The mediascape has become a truth free zone. You’d think the PR people would have died and gone to heaven, but there’s no money to be made when nobody needs an intermediary to peddle access through those Pearly Gates.
We’re all PR people now.
So the industry doesn’t have an image problem, which it’s all to happy to address, but a reality problem that it’s ill equipped to acknowledge, let alone act upon. Its campaign, called Public Relations Defined, is a public survey (itself a PR tactic) intended to collect answers to the question: “Public relations (does what) with or for (whom) to (do what) for (what purpose)?” Word clouds will be developed, finalists chosen and posted on a web site and voted upon, and voila! A new definition will have arrived.

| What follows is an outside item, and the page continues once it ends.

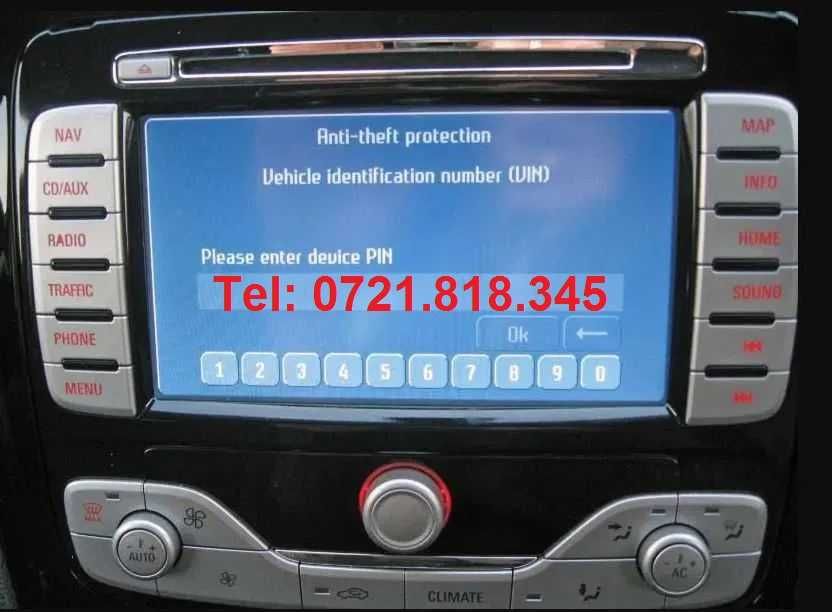 Decodari radio CD, Navigatii auto, Decodari auto,..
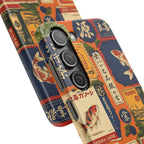Vintage Japanese Koi Phone Case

The PRSA should be embarrassed. Imagine any other professional trade association putting the very purpose of its industry up for anonymous chatter and voting? Let’s ask random people what "accounting" means, or whether "lawyering" is about doing legal things..or something newer and exciting! The flip side...not embracing change whatsoever...is also pretty lame, and all you need to do is consider what has happened to the advertising industry. Talk about a profession that gets no respect anymore, as its practitioners have allowed themselves to be pigeon-holed and disparagingly defined by social media salesmen who don’t understand a thing about how stuff gets marketed or sold.
Wait a minute. Those are the same folks who’ve taken away the job of chief manipulator from PR people!
The last thing the public relations industry needs is a public relations campaign, though; rather, its elected leaders should have the intellectual firepower and intestinal strength to face up to their reality problem. Come up with an insight and subsequent action plan that does real things in real ways that have real, lasting meaning and utility to the worlds of business and everyday life.
I know I’ve dissed the crowdsourcing approach, but I have a suggestion to share: I think PR people should pull a 180 and become the keepers of truth. Think less wily communicator and more parish priest. Conscience, not creative dissonance.
Our public institutions have no authority any longer, and nobody thinks much about brands other than that they’re mildly entertaining, sometimes. What if the public relations industry stepped up and established objective, measurable, and trackable qualities for defining and propagating truthful communication? It could become the uber-intermediary for content, kind of a Good Housekeeping seal for things companies say or detractors allege, and provide for a continuity of communication within and across businesses. Become a synonym for trusted content.
In other words, play totally against type. When the world embraces falsehood, embrace truth. And do it not just with declarations but real actions. Do truth, don't just talk about it
I have no idea how this would work, or even if it would be possible. But it would be worthy of some discussion, and if the concept seemed to have legs it would be easy to plan against it with real actions, not just creative hype
Leave the nonsense to the bloggers and chat rooms.